Multiple concurrent callers (e.g., SessionResumeManager and a background sync service) could simultaneously detect a near-expired token and each invoke SupabaseSessionManager.refreshSession(), causing duplicate refresh API calls and potentially a token invalidation race condition on the Supabase Auth server. This can result in one caller receiving a valid refreshed token while another receives a 401, causing intermittent authentication failures.
Mitigation & Contingency
Mitigation: Implement a single-flight pattern inside SupabaseSessionManager so that concurrent refresh calls coalesce into one in-flight request. Use a Dart Completer or AsyncMemoizer to ensure all waiters receive the same refreshed token. Write a concurrent integration test to validate the single-flight behaviour.

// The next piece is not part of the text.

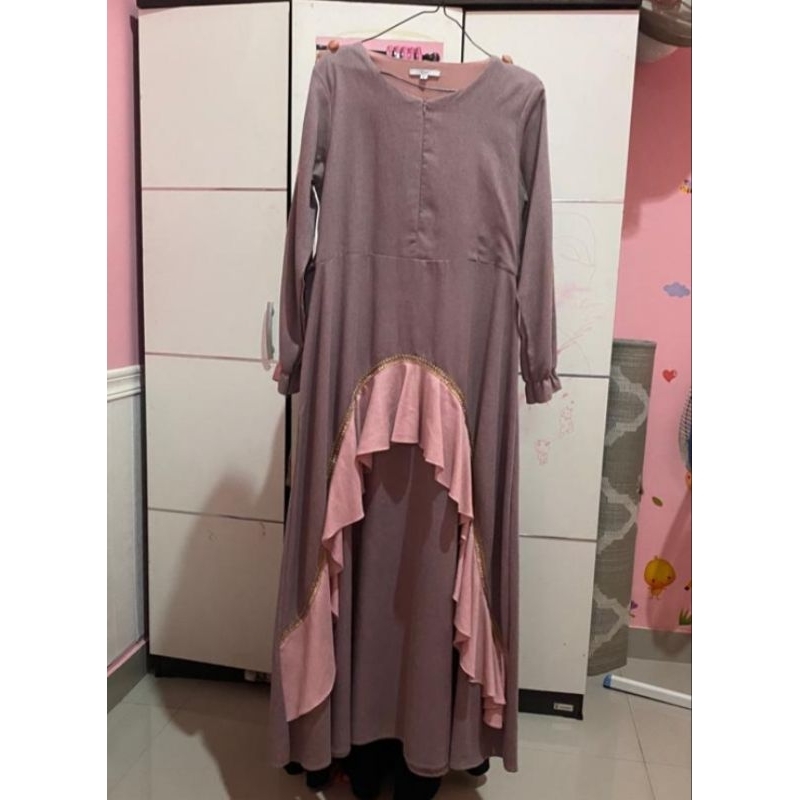 Gamis Brand Qavio Preloved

Contingency: If the single-flight pattern introduces deadlocks or timeout complexity, fall back to a mutex-based lock with a 10-second timeout, logging a warning if the lock is held longer than expected, and triggering a full re-login if the refresh ultimately fails.
Supabase Row-Level Security policies evaluate the JWT claims (user_id, role, org_id) on every query. If the refreshed token contains stale or changed claims — for example if a coordinator's role was updated server-side — RLS may silently block data access even though the session appears valid from the client's perspective, causing confusing empty screens rather than an authentication error.
Mitigation & Contingency
Mitigation: After every token refresh, decode the new JWT and compare key claims (role, org_id) with the cached values. If claims have changed, emit a session-claims-changed event that triggers a role re-resolution and navigation reset. Document this behaviour in the SupabaseSessionManager API contract.
Contingency: If claims drift is detected in production and causes data visibility issues, provide a force-refresh mechanism in the UI (pull-to-refresh on home screen) that clears cached role state and re-fetches from Supabase, accompanied by a user-visible toast indicating the session was refreshed.
Allowing session resumption from cached local token when offline introduces a window where a revoked or invalidated session can still grant app access. For example, if a coordinator deactivates a peer mentor's account while the mentor is offline, the mentor continues to have access until connectivity is restored and the token is validated server-side.
Mitigation & Contingency
Mitigation: Set a maximum offline grace period (e.g., 24 hours) stored alongside the token in SecureSessionStorage. If the grace period is exceeded, force a full credential re-login regardless of connectivity status. Scope offline access to read-only operations only, requiring connectivity for any write that reaches Supabase.
Contingency: If the offline grace period logic is found to be insufficient for compliance, implement remote session invalidation via a lightweight push notification that clears SecureSessionStorage even when the app is backgrounded, using FCM with a data-only message.